Entre 2007, fecha del regreso al poder de Ortega, y 2018, debajo de esa superficie de aparente calma hervía la protesta social que el aparato represivo del régimen lograba acallar al menos comunicacionalmente. En estos once años hubo protestas que demostraban que Ortega no tenía voluntad ni capacidad de resolver las demandas de la sociedad de manera pacífica y sobre todo democráticamente.

En ninguno de los casos el gobierno utilizó otros recursos institucionales, como el diálogo y la negociación, que implicaran incorporar las demandas de la población a soluciones democráticas y estables. En todos los casos aplicó la misma lógica de aplastar la protesta y desarticular las formas organizativas incipientes que amenazaban el control que el partido y sus organizaciones satélites ejercían sobre la sociedad.

No estábamos ni ante un Estado fuerte ni ante un arreglo institucional sólido que gestionaba de forma efectiva los conflictos. Más bien estábamos ante un Estado autoritario que asfixiaba toda expresión de conflictividad que escapaba a su dominación, y con ello atomizaba por la vía del miedo a los grupos que protestaban, para que los conflictos no se contagiaran hacia otros sectores de la sociedad.

Este modelo colapsó el 18 de abril. Ni conspiración imperialista ni intentona golpista. Simplemente, hubo un hartazgo de 11 de años de negación de libertades. El régimen Ortega, al igual que Somoza en 1978, se volvió enemigo de amplios sectores de la sociedad.

Para empeorar las cosas, hizo un diagnóstico erróneo de lo que ocurría. Creyó que se trataba de una protesta como las anteriores y que con la represión policial y con la violencia de las pandillas de la juventud sandinista lograría desmontar el conflicto.

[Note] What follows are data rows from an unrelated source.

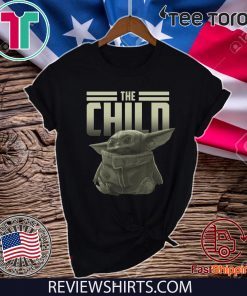 The Mandalorian Baby Yoda The Child Shirt T-Shirt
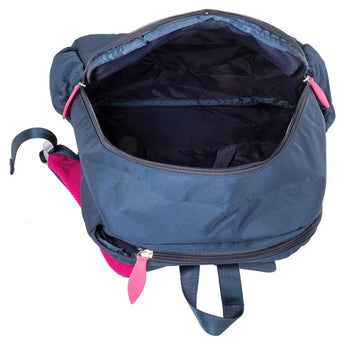 Women's Courtside 2.0 Tennis Backpack-Bags-Ame and Lulu-CSTB2-navy-4-Tennis Express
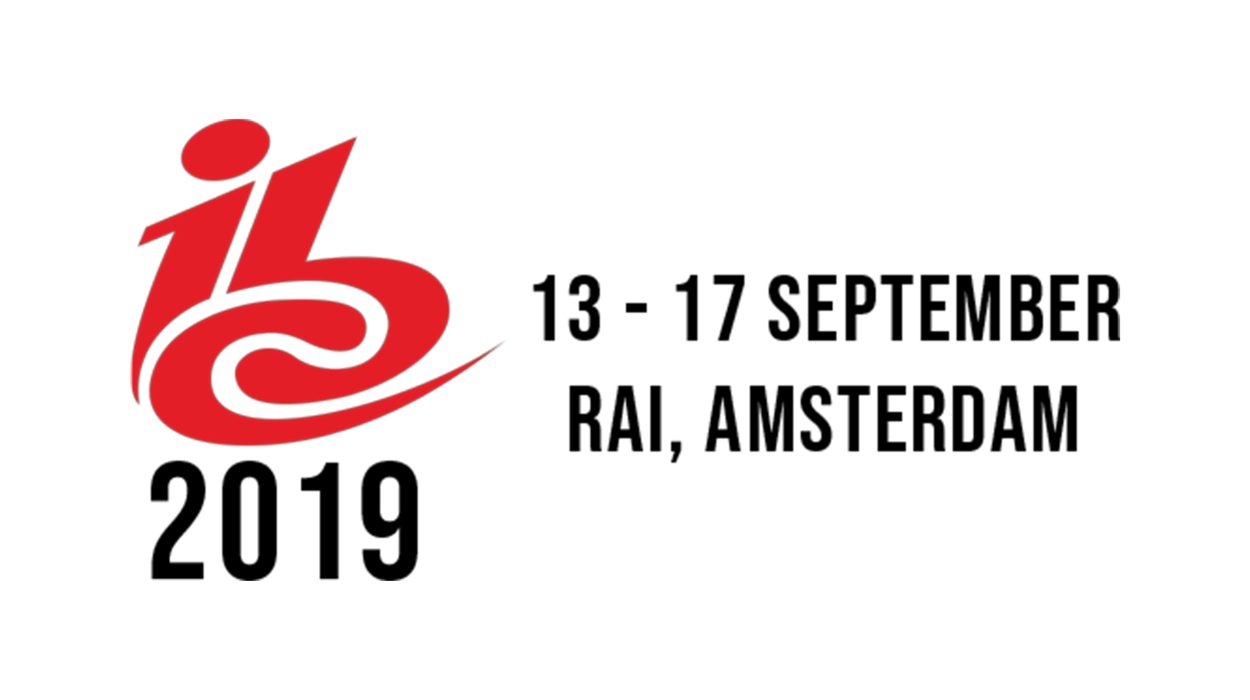 IBC 2019, 13th – 17 Sept 2019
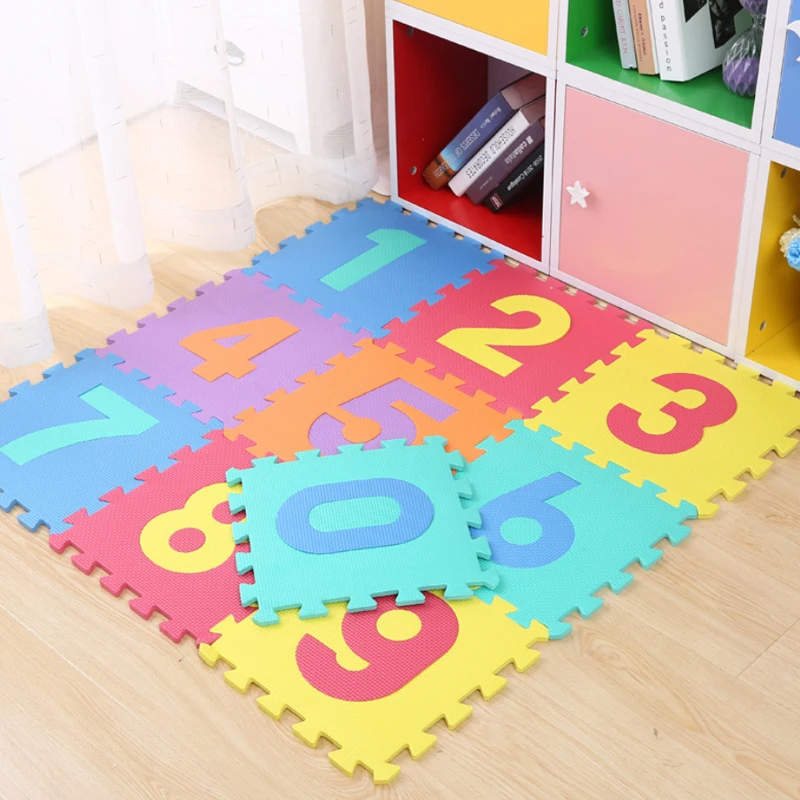 
Оптовая продажа, детские коврики-пазлы из вспененного этилвинилацетата, 30x30, напольный коврик для упражнений в спортзале с алфавитом, детский коврик для ползания 
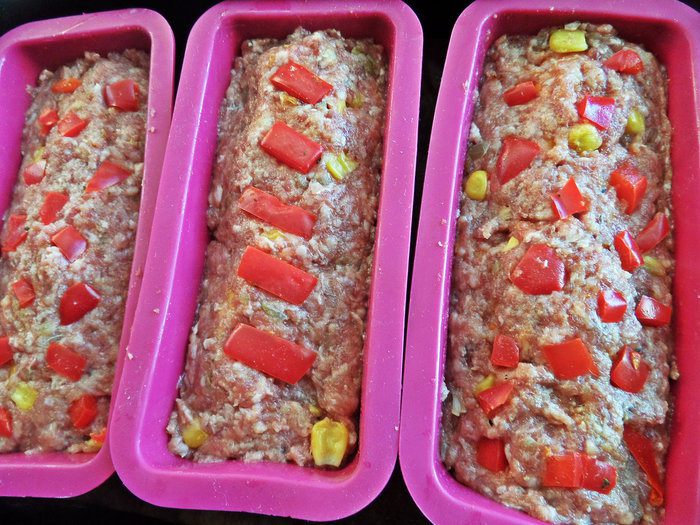 Мини-мясные буханки с сюрпризом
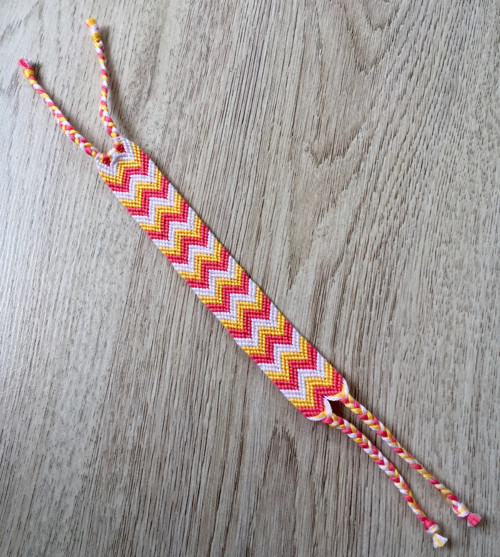 Zářivý žužu chevron — foto 3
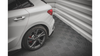 Splitter Audi S3 8Y Tył Boczne v.1 Gloss Black
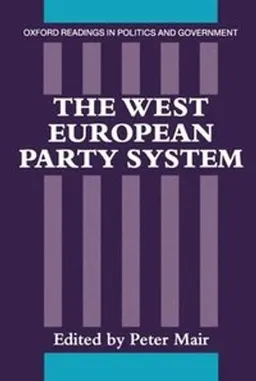 The West European party system; Peter Mair; 1990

No hay estrategias imperialistas que puedan urdir una situación de rechazo tan generalizada. Ni en sus mejores sueños los jerarcas de la CIA hubieran sido capaces de crear una situación de tormenta perfecta como la de abril de 2018. Seguir atribuyéndoles el mérito de la rebelión social no solo es sobreestimar al imperialismo. Es, además, menospreciar el espíritu de lucha de los nicaragüenses. Ambos supuestos revelan que la dictadura vive y se refocila en un mundo paralelo que terminará colapsando al igual que otros regímenes antidemocráticos.